4-1 宝玉

 食堂を出たジェラールとカキドは、ライナルトに促されるまま足早に廊下を流し、ある部屋に向かっていた。


 すれ違う支部員たちが、ジェラールに気づいて黙礼をする。

 ジェラールは、返事代わりに片手を上げつつ、ライナルトの報告内容をオウム返しに問いかけた。


「宝玉の調子がおかしいって?」


「ああ。数日前から予兆はあったんだが、一時的なものだろうと放っておいたら……。とにかく、まずは確認してほしい」


 ライナルトがこのような言い方をするのは、ジェラールに先入観を与えず、純粋な意見を引き出したいと思っているときだった。

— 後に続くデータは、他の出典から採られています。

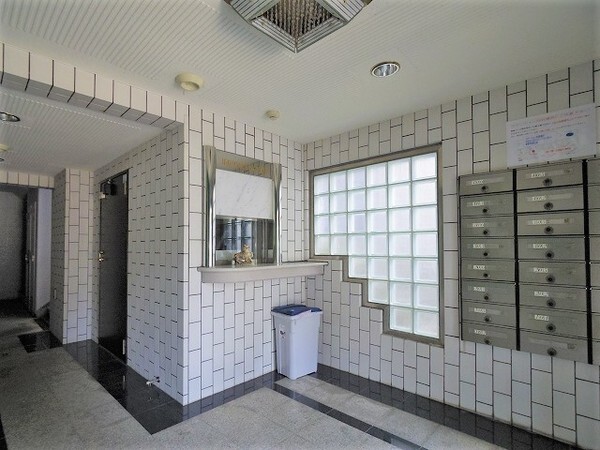 15/15 エントランス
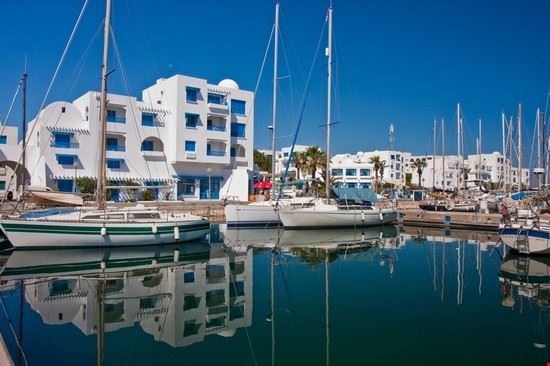  Monastir piotrwzk - Shutterstock piotrwzk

 ジェラールは頷いて答えると、隣を歩くカキドの顔色をうかがう。

 ジェラールの視線に気づいたカキドは、首を横に振ってみせる。ライナルトの言う一件については、彼女も知らされていないらしい。



 カキドのもとにやってくる報告の多くは、指導員らから、ライナルトを通じて上がってきたものだ。

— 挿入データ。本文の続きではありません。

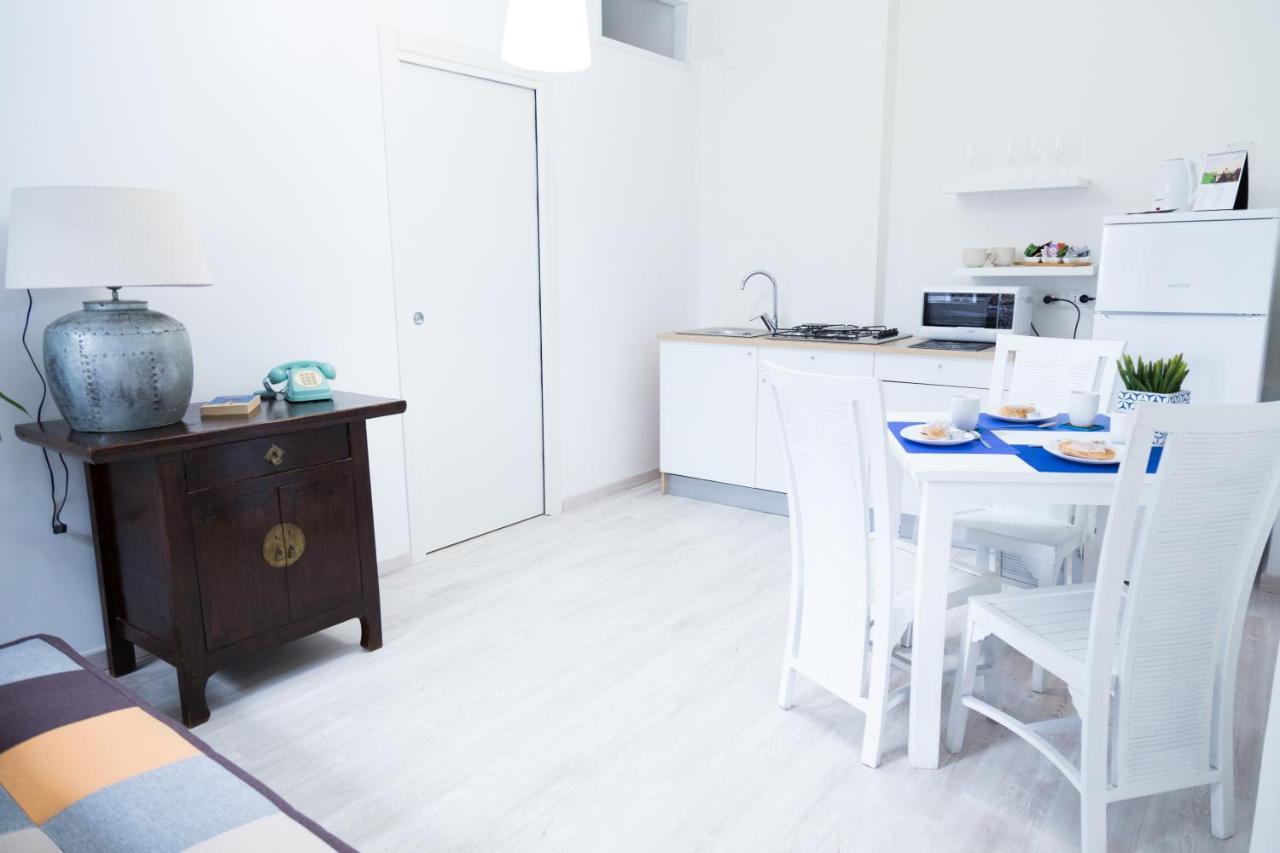 Miklod Apartments Палермо Екстериор снимка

 カキドが知らないということは、それだけ新しい情報であることを意味する。要するに、つい先ほど起きたばかりの問題なのだ。



 すっかり気配を消したルカを含め、四人が目指す先は、食堂にほど近い――物理的に近いわけではなく、空間同士が近くに結ばれているだけだ――、八角形の部屋だった。

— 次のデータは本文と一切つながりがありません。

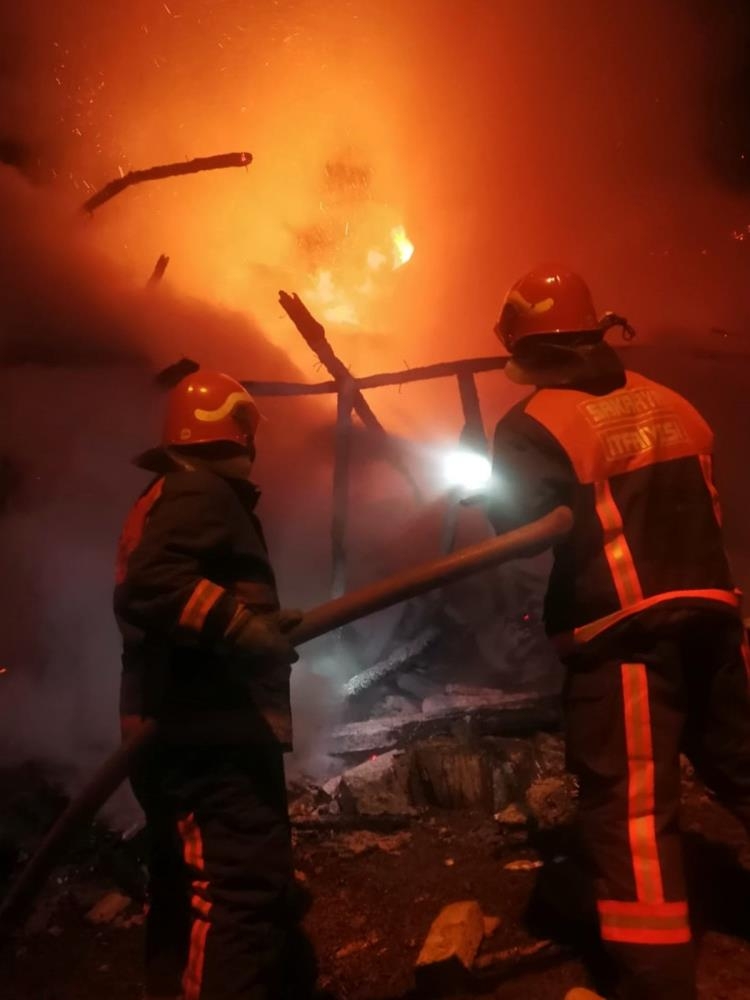 İki katlı ahşap ev alevlere teslim oldu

 部屋の床に描かれた、壁の際に迫るほど大きな魔法陣。

 魔法陣の八芒星の角それぞれから、計八本の線が内側に向けて伸び……その終着点に、腰のあたりまである円柱形の台座が据えられている。



 台座の上には、透明な水晶玉が、下部を台座に少し沈めるようにして鎮座していた。


 水晶玉は、大人の男が、両手の親指と人差し指とで作る円ほどの大きさをしている。

 玉の中では、色とりどりの光が現れては消え、渦を巻いていた。人の――こと、魔術師の心を強く惹きつける、独特のかがやきだ。


 けれども今、何よりも見る者の目を引くのは、つややかな表面に走る、いくつもの亀裂だった。